There is no final verdict yet on the European dimension of the Holocaust. The French and Italians started late -- when most of the perpetrators were already dead -- to deal comprehensively with this part of their history. Others, such as the Ukrainians and Lithuanians, are still dragging their feet; or they have only just begun, like Romania, Hungary and Poland.
Since 1945 the countries invaded and ravaged by Hitler's armies have seen themselves as victims -- which they doubtless were, with their vast numbers of dead. That makes it all the more painful to concede that many compatriots aided the German perpetrators.
In Latvia, local assistance was greater than anywhere else. According to the American historian Raul Hilberg, the Latvians had the highest proportion of Nazi helpers. The Danes are at the other end of the scale. When the deportation of Denmark's Jews was about to begin in 1943, large parts of the population helped Jews to escape to Sweden or hid them. Some 98 percent of Denmark's 7,500 Jews survived World War II. By contrast, only nine percent of the Dutch Jews survived.
Does the Holocaust represent the low point not only of German history, but of European history as well, as historian Aly argues?
There is evidence challenging the widely-held notion that foreign perpetrators were forced to help the Germans commit murder. It's true that local helpers risked their lives by refusing to assist the German occupiers. That applied to the police units and civil servants in occupied Western Europe as much as it did to newly-formed auxiliary police in the east. But it's also true that in many places people volunteered to serve the Germans or participated in crimes without being forced to.
There is also the often-repeated claim that the governments of countries allied with Hitler had no choice but to hand over Jewish citizens to the Germans. That's not true either. The Balkan countries in particular quickly understood how important the "solution to the Jewish Question" was to Hitler and his diplomats -- and they tried to extract the highest possible price for their complicity.

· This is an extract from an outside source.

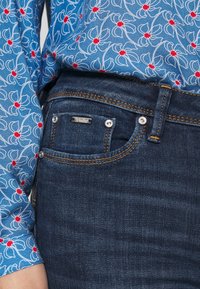 Mörk denimjeans med orange sömmar och silverdetaljer, kombinerat med en blå blommig blus med lång ärm och röda accenter.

There's also reason to doubt the assumption that the helpers were pathological sadists. If that were true, they should be easy to identify, for example within the group of 50 Lithuanians who served under the command of SS Obersturmbannführer (Lieutenant Colonel) Joachim Hamann. The men would drive around the villages up to five times a week to murder Jews, and ended up killing 60,000 people. It only took a few crates of Vodka to get them in the mood. In the evenings the troop would return to Kaunas and boast of their crimes in the mess hall.
None of the Lithuanians had been criminals before. They were "totally and utterly normal," believes historian Knut Stang. Almost everywhere after the war, the murderers returned to their ordinary lives as if nothing had happened. Demjanjuk too was a law-abiding citizen. In Cleveland, Ohio, where he lived, he was regarded as good colleague and a friendly neighbor.
It's the same as with the German perpetrators. There's no identifiable type of killer -- that's a particularly disturbing conclusion reached by historians. The murderers included Catholics and Protestants, hot-blooded southern Europeans and cool Balts, obsessive right-wing extremists or unfeeling bureaucrats, refined academics or violent rednecks.